Heaven And Hell: My Life in the Eagles, 1974 - 2001 by Don Felder
|Heaven And Hell: My Life in the Eagles, 1974 - 2001 by Don Felder|
|Reviewer: John Van der Kiste|
|Summary: The memoirs of Don Felder, former guitarist with the Eagles, who portrays the reality behind one of the most successful groups of all time, with no punches pulled about the tensions and differences which eventually drove them apart.|
|Buy? Yes||Borrow? Yes|
|Pages: 376||Date: November 2009|
In terms of record sales and income from live tours, hardly anyone matched the Eagles' rate of success during the 1970s. Yet the constant search to better themselves with each record, the in-fighting, the drugs and egos, soon got the better of them. They say it is tough at the top, and nobody is better equipped to tell the often painful story than their former guitarist Don Felder.
Born in 1947 and raised in Florida, Felder was a typical teenage rebel, frequently at odds with his more conservative parents and law-studying elder brother with his long hair, anti-Vietnam war views and love of playing the guitar. Among his early friends after running away from home were Tom Petty, whom he taught guitar for a while, Stephen Stills, and multi-instrumentalist Bernie Leadon, and the latter helped to form the Eagles in 1971.

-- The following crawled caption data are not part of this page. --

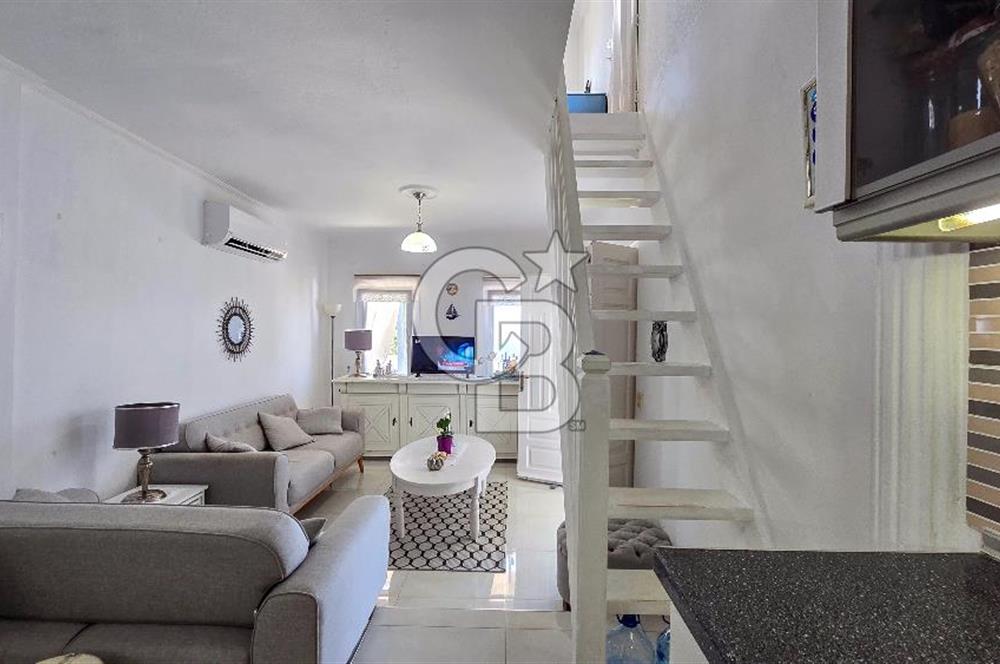 Bodrum Yalıkavak Özel Plajlı, Full Deniz Manzaralı, Bahçeli Müstakil 3+1 Dubleks Villa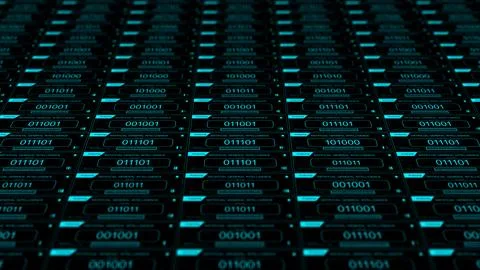 Ominous AGI Inelligence Algorithms Processing - No AI was used to create 3 1 스톡 사진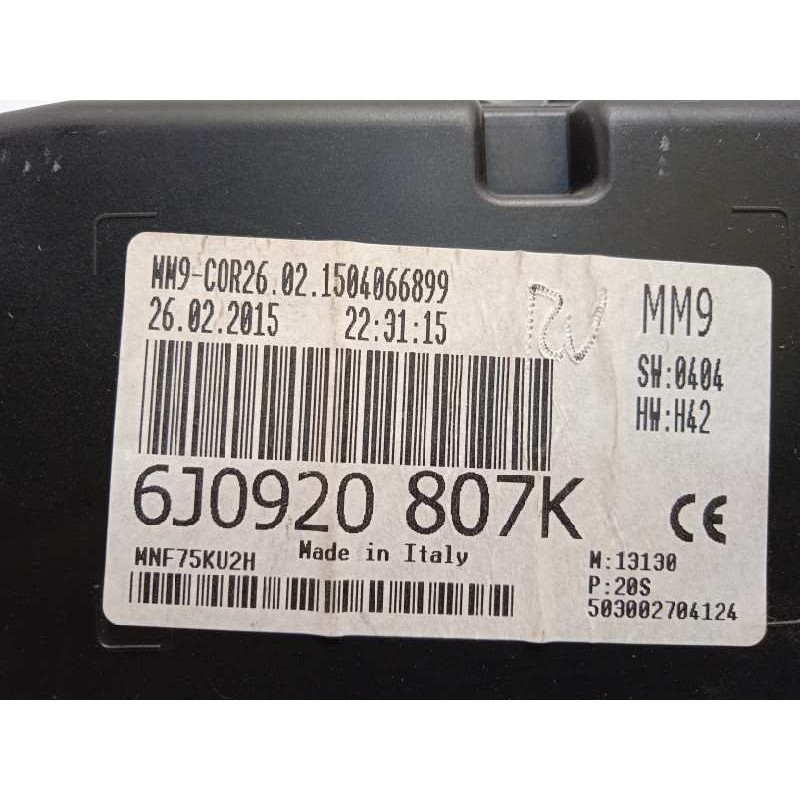 Recambio de cuadro instrumentos para seat ibiza sc (6j1) stylance / style referencia OEM IAM 6J0920807K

After two albums of country rock, the group were starting to lose direction. Their decision, and that of everyone around them, was unanimous – they had to rock more to compete with the likes of Led Zeppelin and the Rolling Stones. Basically all they needed was a good incendiary guitar player. Don was invited to join them while they were recording their third album, firstly as a session musician to give the music more punch, and then as a full member. Nicknamed 'Fingers', he proved to be the magic ingredient, and stayed.
Nevertheless he never felt really secure in the group. From the start, he felt it was like walking with a keg of dynamite on your back with the fuse lit, only you don't know how long the fuse is. There was an edgy creative tension which made the music so special, but how long would it last? Glenn Frey and Don Henley, whom he calls 'the gods', were indisputably the Lennon and McCartney figures, with the rest little more than sidemen. A year later the disillusioned Leadon walked out, to be replaced by Joe Walsh. There are some entertaining tales about the latter's exploits, who could have given the Who's Keith Moon a run for his money in the hellraising stakes.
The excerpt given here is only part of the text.